How much you need of each B-complex vitamin—including B-12, folate, pantothenic acid, riboflavin, niacin, and biotin—varies. For example, you need 1.3 mg of vitamin B6, and 2.4 mg of vitamin B12 per day.
But adding them to you supplement could be a waste, says Roussell.
That’s because B-vitamins are ubiquitous in fruits, vegetables, nuts and grains, he points out. A can of tuna will get you 0.87 mg of B6 and 2.5 mg of B12, for example.
“They are everywhere, and there are no documented benefits of taking additional B-vitamins in healthy individuals,” Roussell says.

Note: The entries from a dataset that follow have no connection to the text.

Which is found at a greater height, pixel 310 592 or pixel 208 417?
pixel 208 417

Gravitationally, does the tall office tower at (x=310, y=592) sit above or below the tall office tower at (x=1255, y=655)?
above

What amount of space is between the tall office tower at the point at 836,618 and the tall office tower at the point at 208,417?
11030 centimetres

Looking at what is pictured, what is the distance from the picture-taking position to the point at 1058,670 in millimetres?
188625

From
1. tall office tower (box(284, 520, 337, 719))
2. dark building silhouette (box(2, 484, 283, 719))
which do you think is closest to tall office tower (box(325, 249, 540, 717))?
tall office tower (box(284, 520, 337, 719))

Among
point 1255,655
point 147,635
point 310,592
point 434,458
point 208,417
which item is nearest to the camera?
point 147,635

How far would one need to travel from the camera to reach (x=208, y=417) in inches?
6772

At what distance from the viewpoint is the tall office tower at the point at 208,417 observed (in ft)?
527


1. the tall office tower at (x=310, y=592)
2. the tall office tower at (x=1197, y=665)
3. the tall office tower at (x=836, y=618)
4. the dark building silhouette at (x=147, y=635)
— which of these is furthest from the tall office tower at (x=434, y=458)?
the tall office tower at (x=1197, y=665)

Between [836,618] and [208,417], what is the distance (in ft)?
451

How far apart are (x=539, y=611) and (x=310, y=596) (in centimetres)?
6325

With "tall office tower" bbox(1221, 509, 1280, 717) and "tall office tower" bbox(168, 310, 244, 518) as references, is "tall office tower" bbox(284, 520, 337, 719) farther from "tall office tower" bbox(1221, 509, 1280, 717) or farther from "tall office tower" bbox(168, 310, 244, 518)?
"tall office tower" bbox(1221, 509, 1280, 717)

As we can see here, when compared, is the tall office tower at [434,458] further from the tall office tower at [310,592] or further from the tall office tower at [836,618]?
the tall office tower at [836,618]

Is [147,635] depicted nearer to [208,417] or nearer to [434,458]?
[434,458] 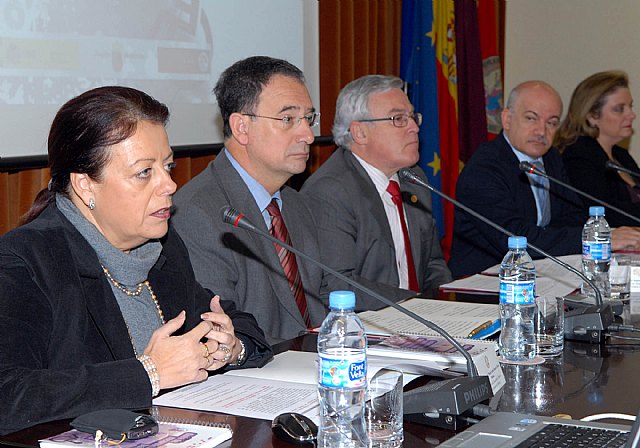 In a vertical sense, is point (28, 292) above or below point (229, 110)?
below

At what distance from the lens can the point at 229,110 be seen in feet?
9.64

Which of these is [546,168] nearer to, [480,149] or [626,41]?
[480,149]

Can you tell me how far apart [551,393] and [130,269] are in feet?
2.91

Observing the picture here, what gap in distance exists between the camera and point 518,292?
2.06 meters

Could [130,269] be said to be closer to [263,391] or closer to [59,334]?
[59,334]

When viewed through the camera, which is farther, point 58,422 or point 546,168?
point 546,168

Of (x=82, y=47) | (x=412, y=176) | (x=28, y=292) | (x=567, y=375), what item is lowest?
(x=567, y=375)

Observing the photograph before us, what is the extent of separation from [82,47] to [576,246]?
6.78 ft

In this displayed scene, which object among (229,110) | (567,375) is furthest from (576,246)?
(567,375)

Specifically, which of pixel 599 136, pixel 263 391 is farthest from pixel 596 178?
pixel 263 391

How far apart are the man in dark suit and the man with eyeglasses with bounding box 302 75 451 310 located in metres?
0.38

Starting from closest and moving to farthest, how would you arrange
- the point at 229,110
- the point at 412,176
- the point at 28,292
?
1. the point at 28,292
2. the point at 412,176
3. the point at 229,110

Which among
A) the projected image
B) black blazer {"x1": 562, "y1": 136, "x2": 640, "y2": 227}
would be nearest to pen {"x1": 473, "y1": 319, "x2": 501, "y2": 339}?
the projected image

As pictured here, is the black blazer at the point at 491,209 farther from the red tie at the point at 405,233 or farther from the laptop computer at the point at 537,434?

Plus, the marketing claims about B-complex vitamins giving you a boost through energy drinks is just hype, he says. It’s likely the caffeine and sugar providing the energy uptick instead.
In fact, taking too much certain B vitamins like niacin can be harmful. A recent case study in BMJ Case Reports highlighted a healthy, 50-year-old construction worker who was diagnosed with a severe case of acute hepatitis.
Doctors believe it was caused by a B-vitamin overdose brought on by overconsumption of energy drinks.
Also, much like vitamin C, these vitamins are water-soluble.
So, getting excess means no additional benefits—you’d just be peeing it out, Elliott says. But that doesn’t mean it’s not harmful. Like the construction worker patient, your liver could get taxed by trying to clear those excess vitamins.
Calcium is a vital mineral for bone strength and nervous system function. But should the supplement be in your shopping cart?
Only if you’re avoiding calcium-rich foods for some reason—say, if you’re vegan or lactose intolerant—or have a bone condition like osteoporosis or osteopenia, says Elliott.
“Calcium is important,” she says. “But it’s very easy to get through food.”
In addition to dairy products like milk and yogurt, you can get calcium in spinach, kale, bok choy, sardines, broccoli, almonds, chia seeds and salmon.
For men ages 19 to 50, the recommended daily amount is 1,000 mg per day, the Mayo Clinic notes. You’ll hit that if you eat an 8 oz. container of nonfat yogurt, a cup of cooked spinach, and an ounce of Swiss cheese in the same day.
Another reason to aim for food-based sources over supplements is that studies on calcium supplementation been mixed.
In fact, research from the NIH suggests that men may have increased risk of heart attack, stroke or other cardiovascular diseases from calcium supplements. But that correlation needs further study, the researchers noted.